Естественно, что Сиверс спасение Европы от деградации и танцевальной эпидемии (как проявления деградации) видела в учении Штейнера и в эвритмии, открывающей человеку духовный мир и защищающей от впадения "в животное состояние", "от сна и механизации". Тех же взглядов придерживался и Андрей Белый. В "Кризисе жизни" и в "Глоссолалии" эвритмическая альтернатива танцу открыто заявлена. В советской России Белый прямо об эвритмии и Штейнере писать уже не мог, так как антропософское общество в 1923 г. было закрыто. Но, кажется, в том числе и об эвритмии говорил он, двусмысленно используя стиховедческие термины в лекции 1924 г. "Ритм и действительность":
"Ритм – динамизирование хаоса, превращение его в хоровод <…> Нужно взяться за руки, образовать цепь, круг. Хаос противоречий нужно превратить в танец. Понять современность – образовать хоровод, круг, цепь. Это и есть быть в ритме, не нарушать движений соседа, не наступая никому на ногу. <…> Ритм – мы воспринимаем тогда, когда видим, как каждая стопа играет ей свойственную роль.

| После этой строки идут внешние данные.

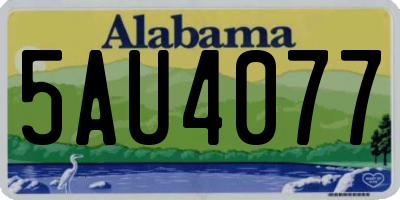 AL license plate 5AU4077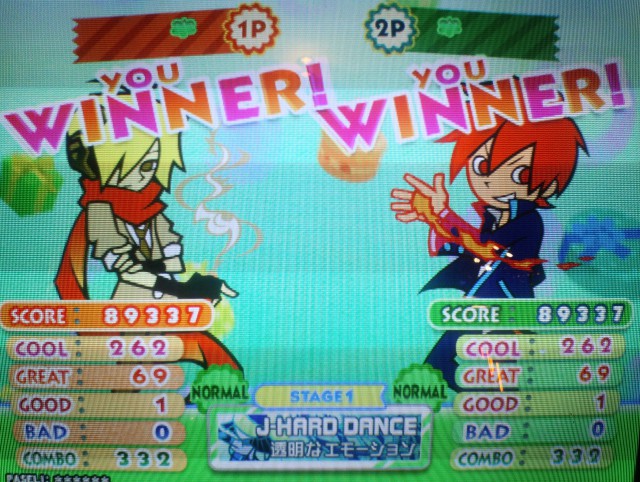 J-ハードダンス(DP-N) 両方全く同じリザルトでフルコン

Ритм – рассмотрение каждой отдельной стопы в целом, определение того места, которое каждая часть занимает в коммуне стоп".
Совпадения в оценках танца Сиверс и Белого столь значительны, что случайными быть не могут. Очевидно, что разительное сходство позиций обусловлено не знанием текстов друг друга, а общностью мировоззренческой. Это – дорнахский взгляд.